**INPUT**

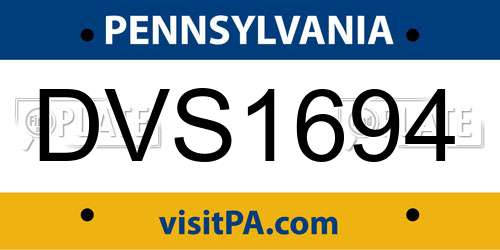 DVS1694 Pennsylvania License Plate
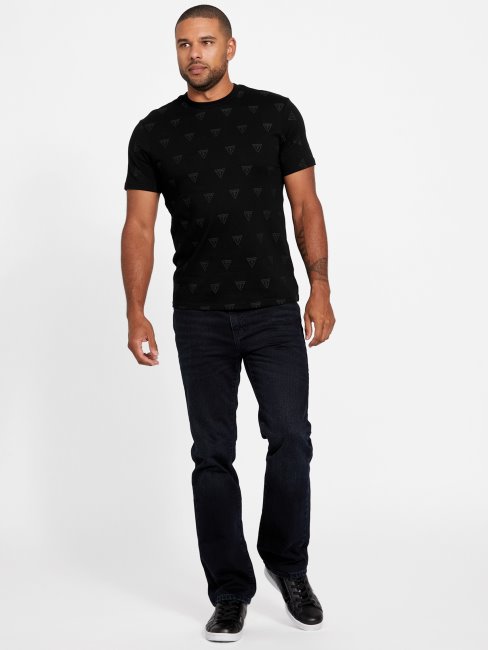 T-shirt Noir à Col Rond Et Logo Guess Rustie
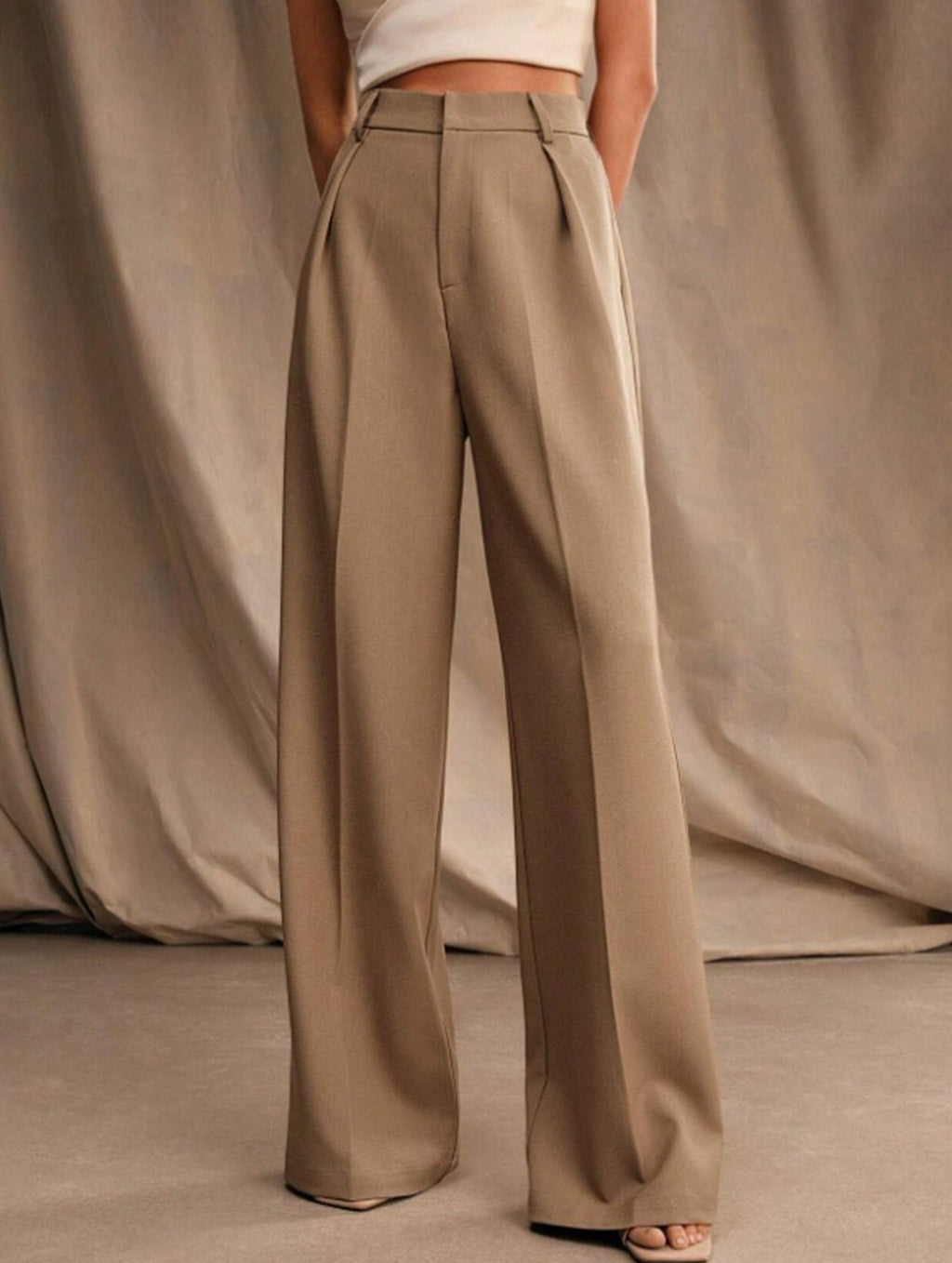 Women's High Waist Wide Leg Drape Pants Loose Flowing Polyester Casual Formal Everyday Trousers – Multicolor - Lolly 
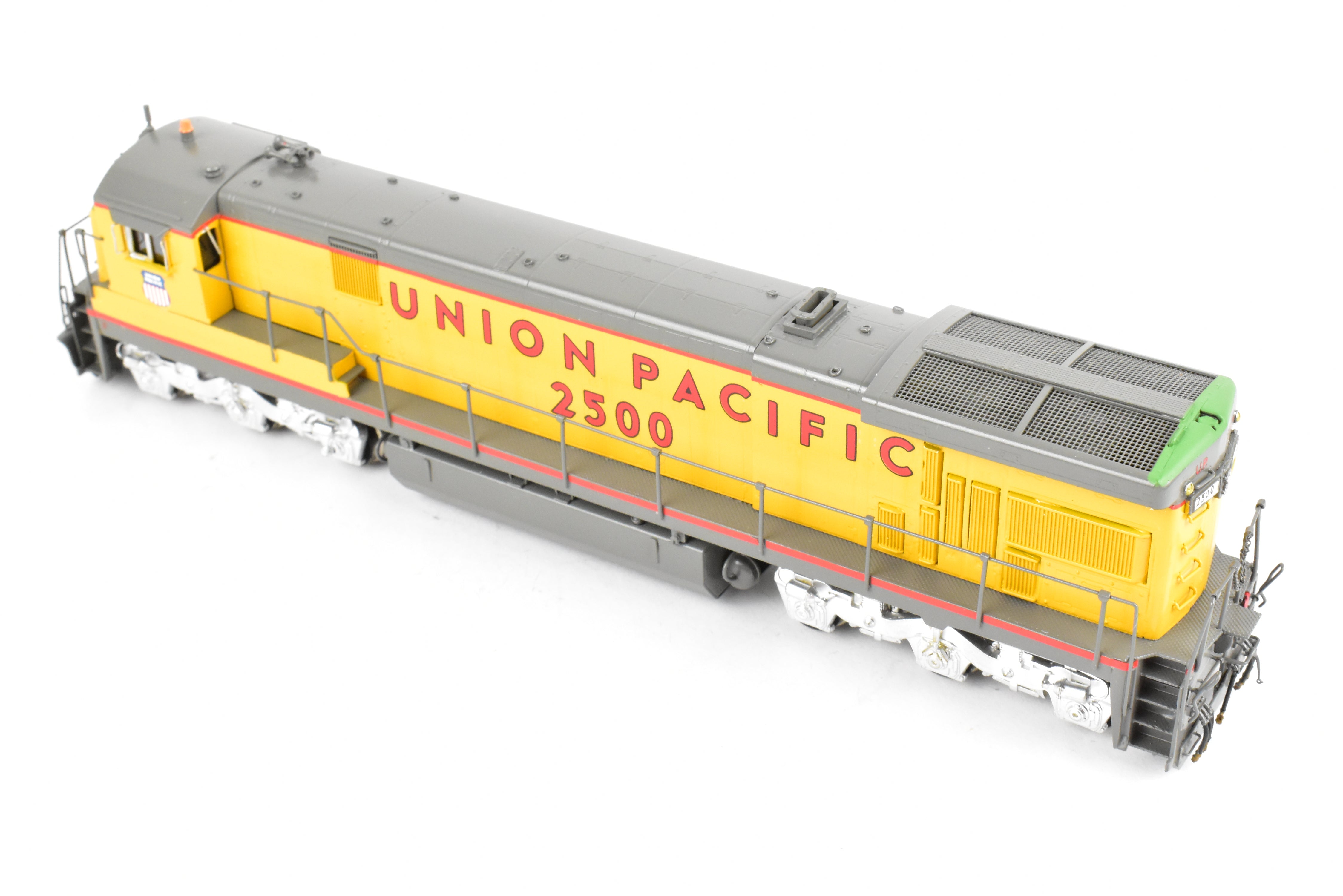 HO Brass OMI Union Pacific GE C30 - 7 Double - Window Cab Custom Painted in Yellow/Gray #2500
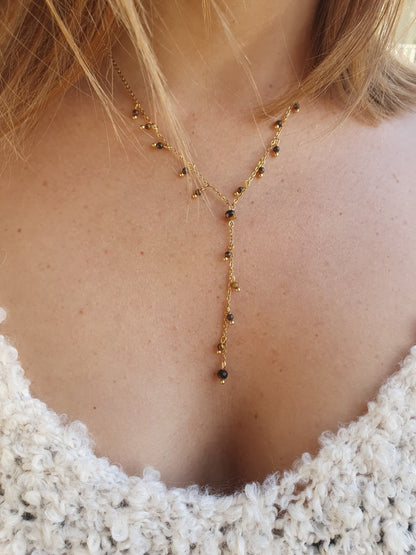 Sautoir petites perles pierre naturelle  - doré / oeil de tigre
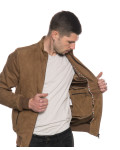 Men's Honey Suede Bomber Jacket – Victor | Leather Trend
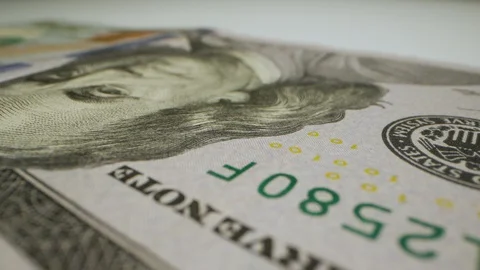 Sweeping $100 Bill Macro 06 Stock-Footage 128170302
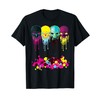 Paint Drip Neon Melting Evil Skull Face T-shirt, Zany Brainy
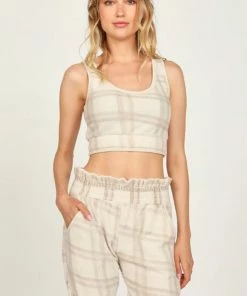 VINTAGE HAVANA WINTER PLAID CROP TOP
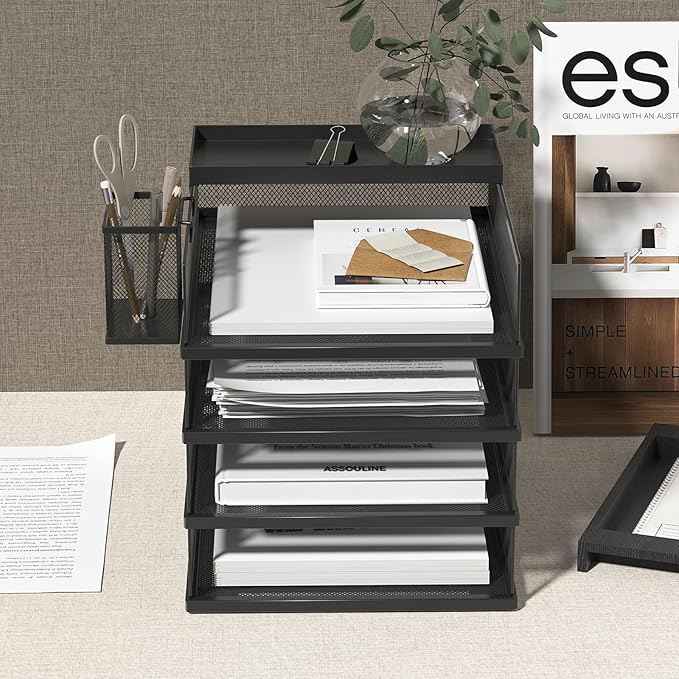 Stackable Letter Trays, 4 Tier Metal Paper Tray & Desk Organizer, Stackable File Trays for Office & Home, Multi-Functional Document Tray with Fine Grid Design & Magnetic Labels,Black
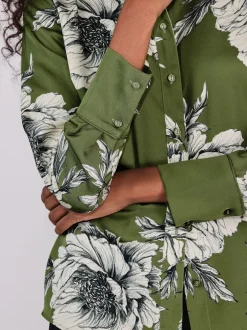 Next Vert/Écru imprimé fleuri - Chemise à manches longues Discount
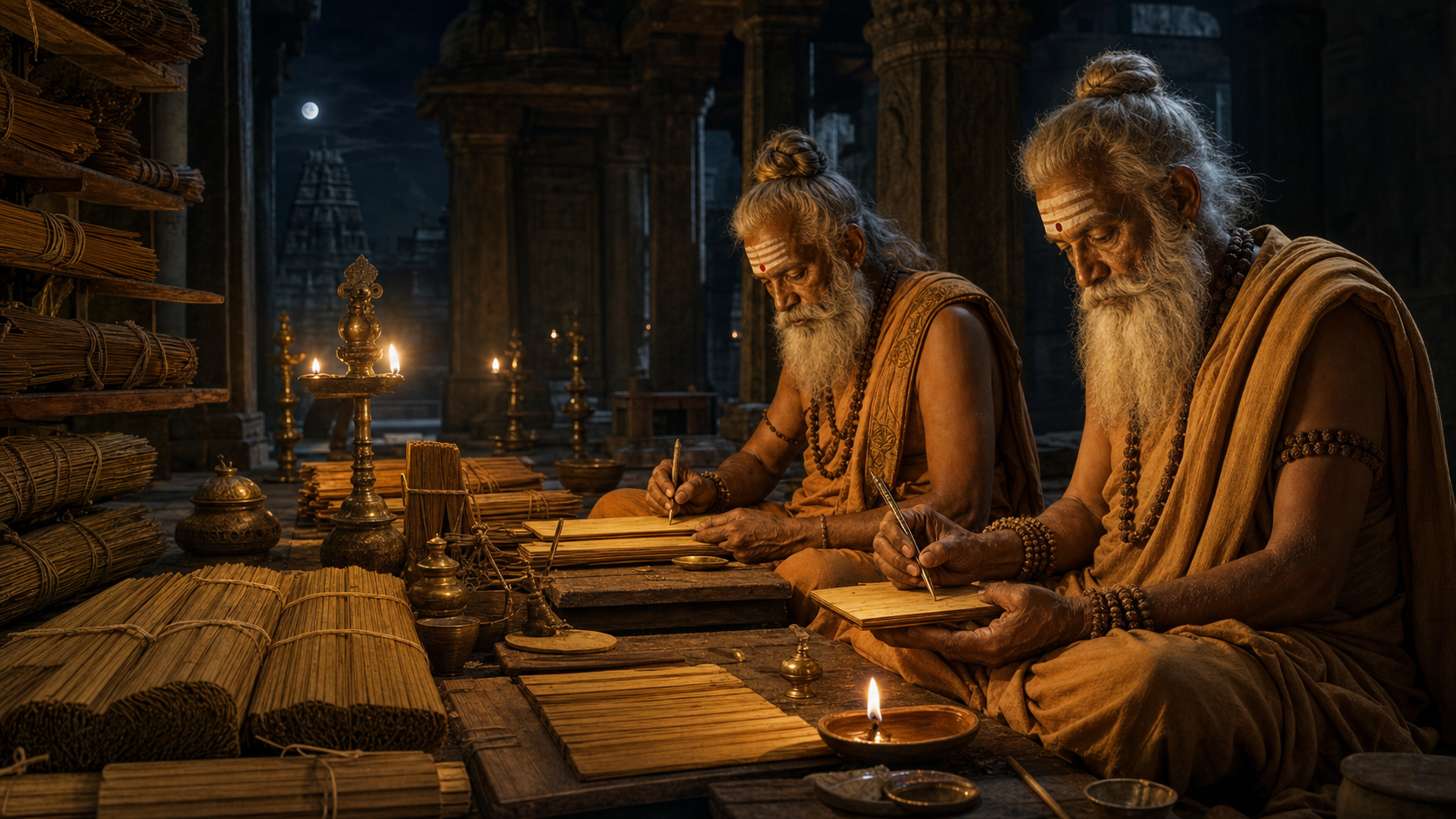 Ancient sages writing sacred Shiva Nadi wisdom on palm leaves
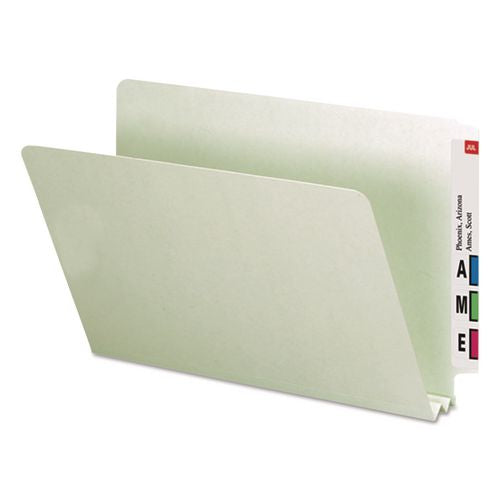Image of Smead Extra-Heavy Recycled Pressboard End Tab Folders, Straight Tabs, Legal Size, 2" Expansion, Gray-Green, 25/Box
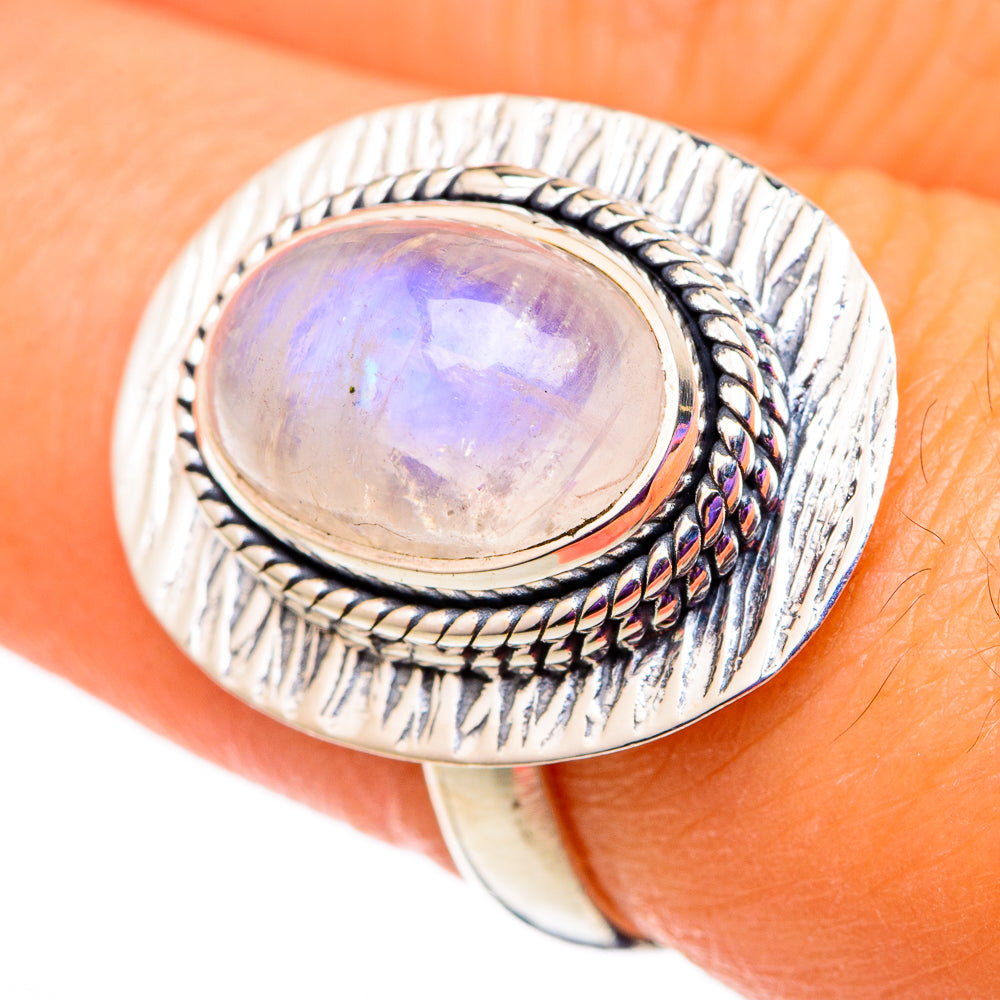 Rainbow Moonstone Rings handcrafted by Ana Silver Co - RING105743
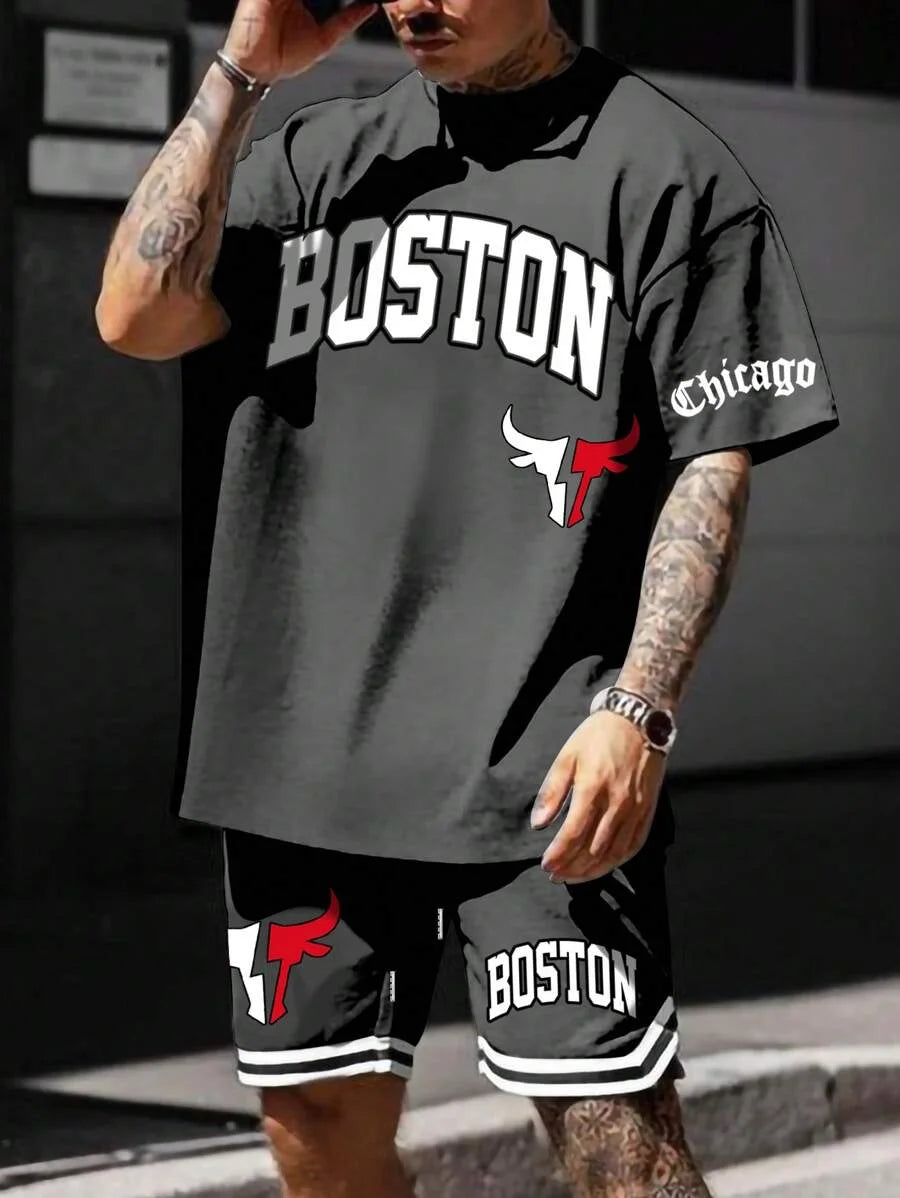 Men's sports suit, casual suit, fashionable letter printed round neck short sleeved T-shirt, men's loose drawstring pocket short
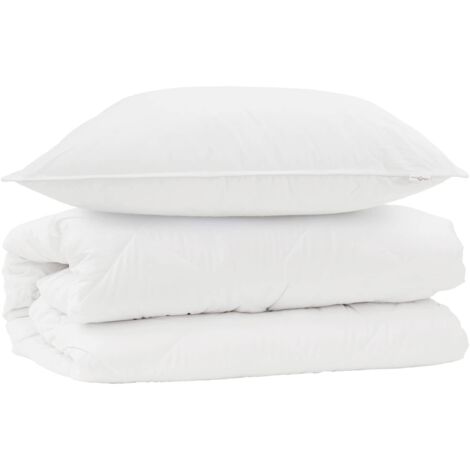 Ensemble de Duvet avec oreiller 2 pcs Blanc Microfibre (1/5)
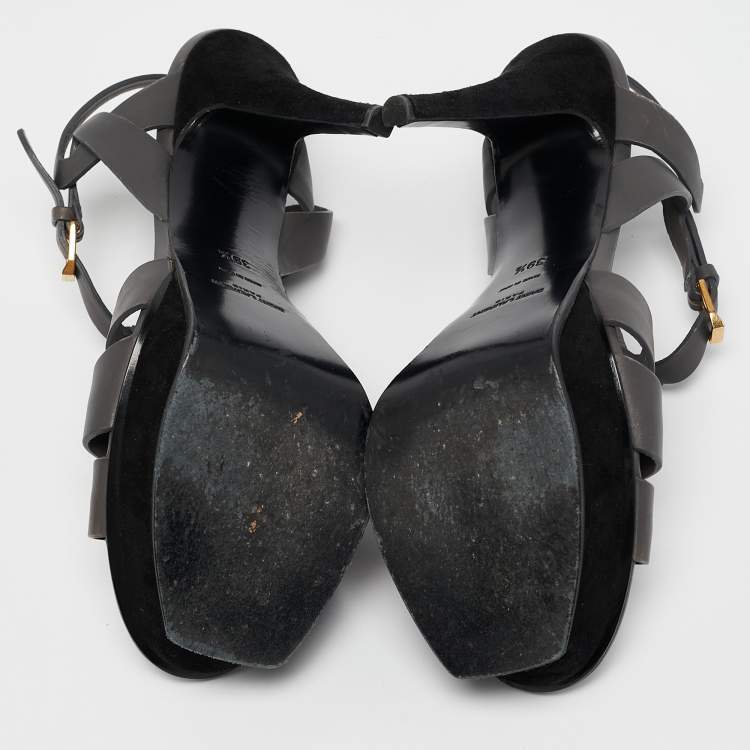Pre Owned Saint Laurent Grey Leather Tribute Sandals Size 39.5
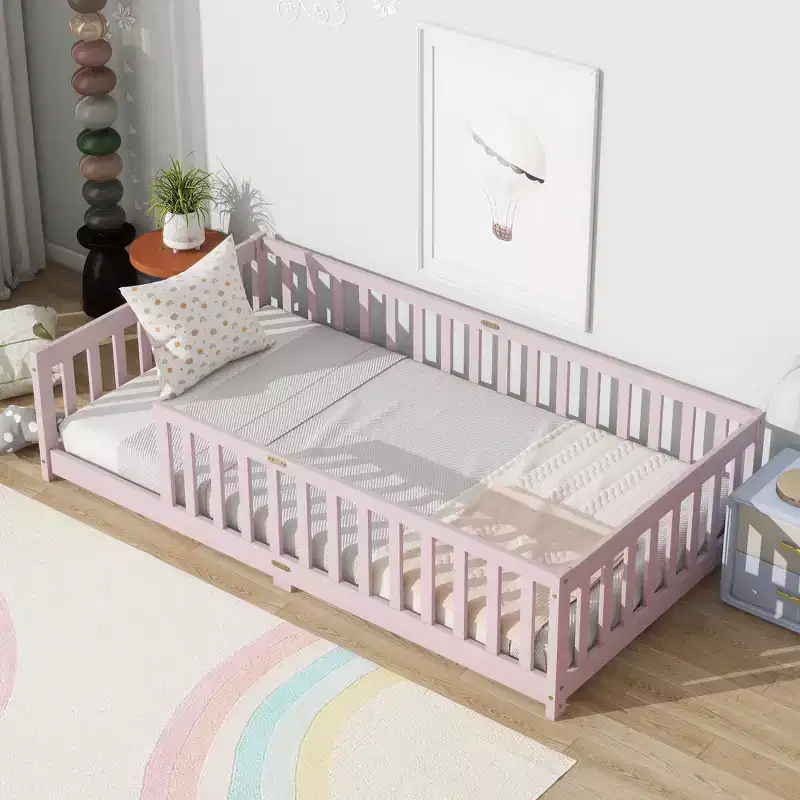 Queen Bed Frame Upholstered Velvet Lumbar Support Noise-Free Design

**EXERCISE AIM**
Set down exactly the lines from the start of the records through the line containing "Sautoir petites perles", both included, and omit the pictures.

**EXPECTED ANSWER**
 DVS1694 Pennsylvania License Plate
 T-shirt Noir à Col Rond Et Logo Guess Rustie
 Women's High Waist Wide Leg Drape Pants Loose Flowing Polyester Casual Formal Everyday Trousers – Multicolor - Lolly 
 HO Brass OMI Union Pacific GE C30 - 7 Double - Window Cab Custom Painted in Yellow/Gray #2500
 Sautoir petites perles pierre naturelle  - doré / oeil de tigre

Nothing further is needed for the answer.